More Authentic Than Thou

Rita has an amusing post about the DCist debate over whether the Maine Avenue Fish Market is "authentically urban" enough. In the comments, she connects these arguments (People get shot on my block!) with the current vogue for (fake) abuse memoirs and sensationalistic YA lit. She writes:
I think the conflation of 'real' with 'miserable' has something in common with the way that young adult books are praised for their realism when they include characters who suffer ever[y] trauma known to man all at once, or why people are so into memoirs of horrible lives. The idea that horrible things are a reality for somebody somewhere (or, millions of people everywhere, as we are often told) seems to weigh heavily on people whose lives are not horrible, in a way that convinces them that the answer is to voluntarily give up (or claim to give up) all their pleasures in exchange for horrors. In some ways, maybe an ancient impulse--asceticism, for example. But in some way, maybe new, since I don't think that ascetics don't deny the reality of a better life, and I've always associated asceticism w/isolation, not weird downtrodden group identification. Also, I don't think asceticism was ever hip.
I think the asceticism parallel is spot-on. These people aren't just after group-identification; they want purity. It's a fundamentally religious impulse--as James Poulos explains here in a slightly different context (hipsters who start farms).

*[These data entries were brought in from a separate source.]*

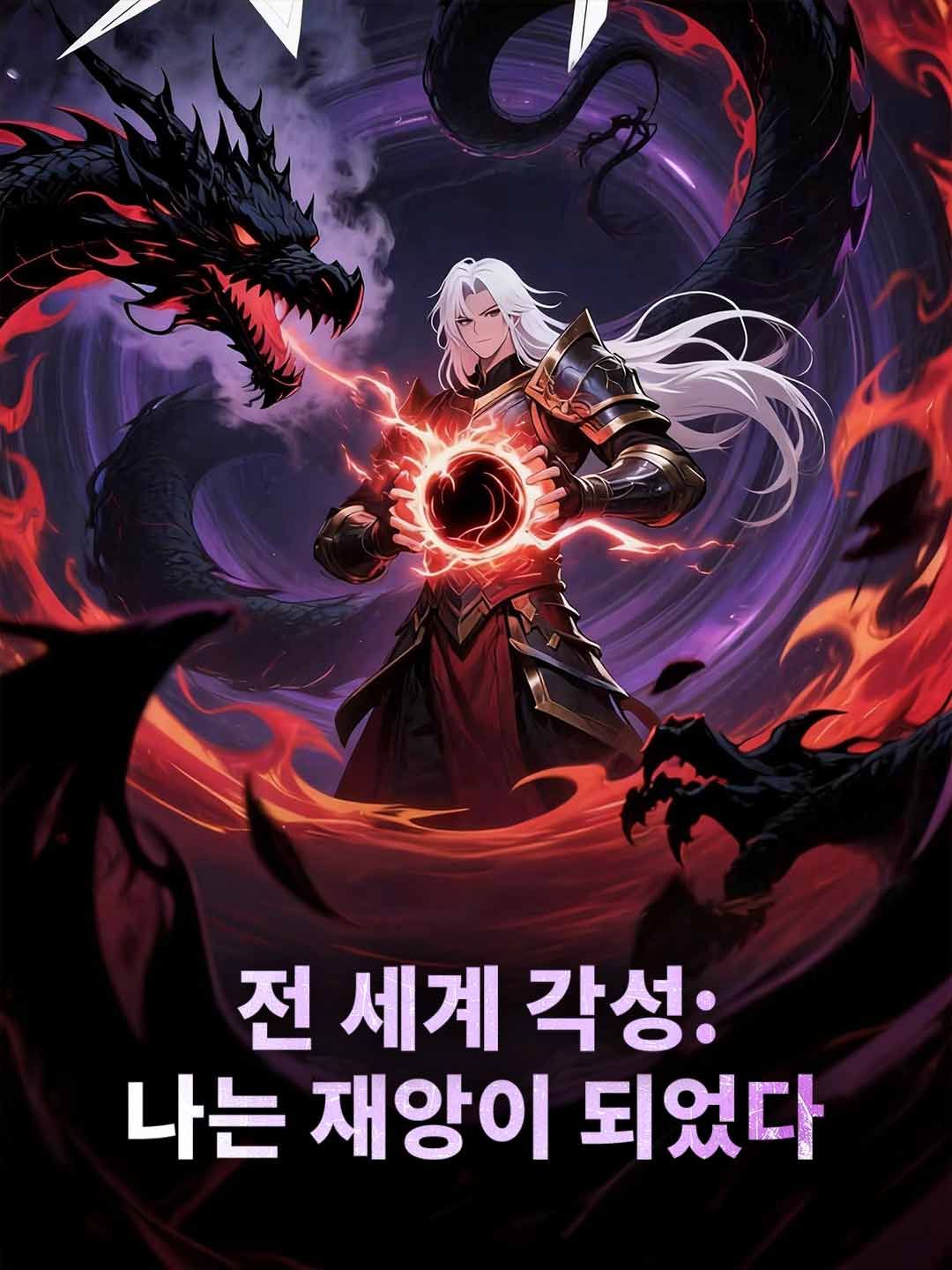 Poster 글로벌 각성: 나는 언데드 재앙이다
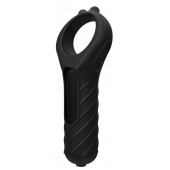 Черный вибростимулятор Edge Vibe - Bathmate - в Невинномысске купить с доставкой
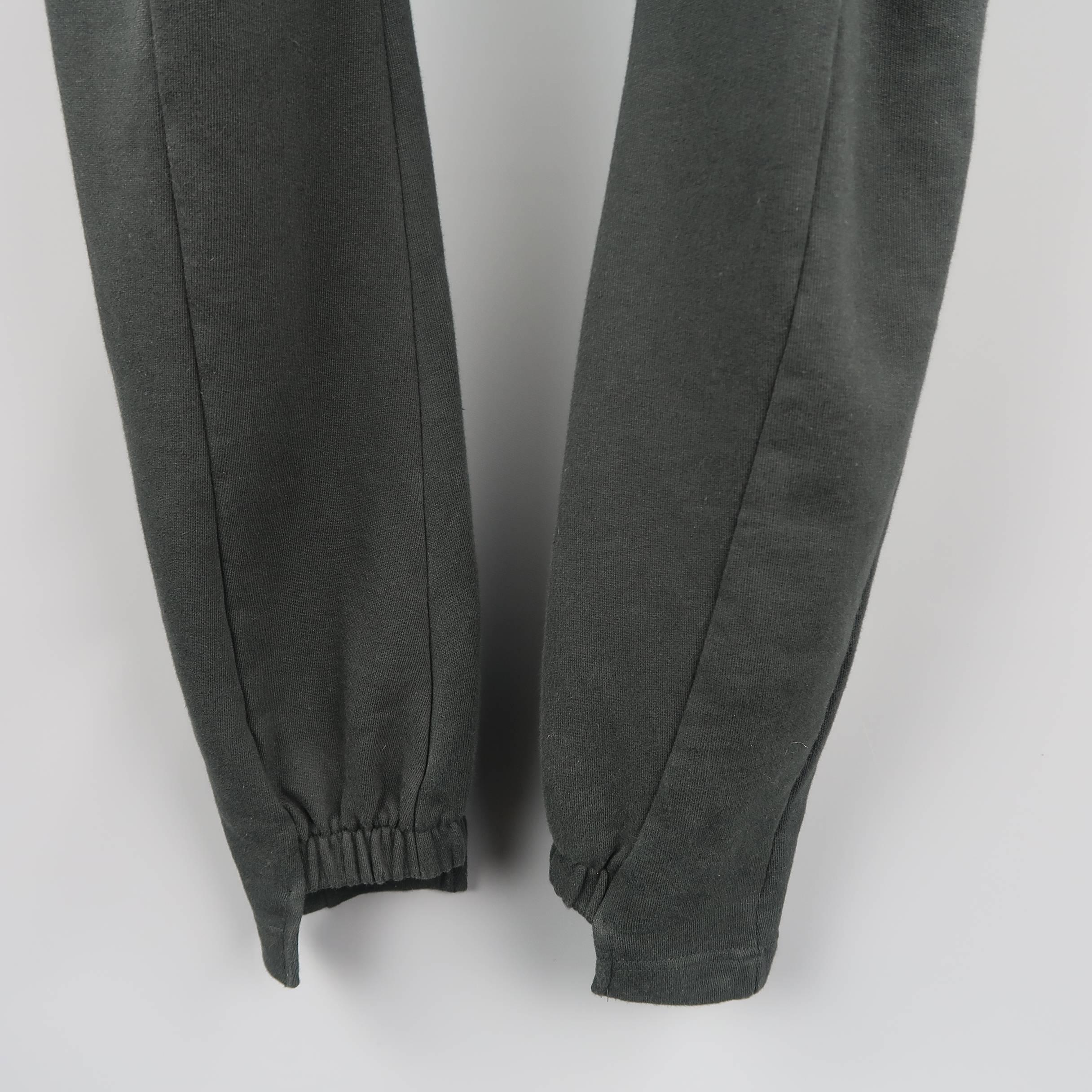 vetements sweatpants 2018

P.S. Rita has an unpublished article on YA lit just lying around. You all should encourage her to do something with it.

RELATED: Daniel Mendelsohn on fake memoirs.

Labels:

posted by Cheryl  # 3:26 PM


Comments:
I take credit for this post label.
 
No, I'm giving it to Phoebe.
 
Mean.
 
I think it might actually go to fellow UChicago alum Nick Dahmann. Didn't he start the First World Problems facebook group?
 
Just as long as Rita doesn't get it.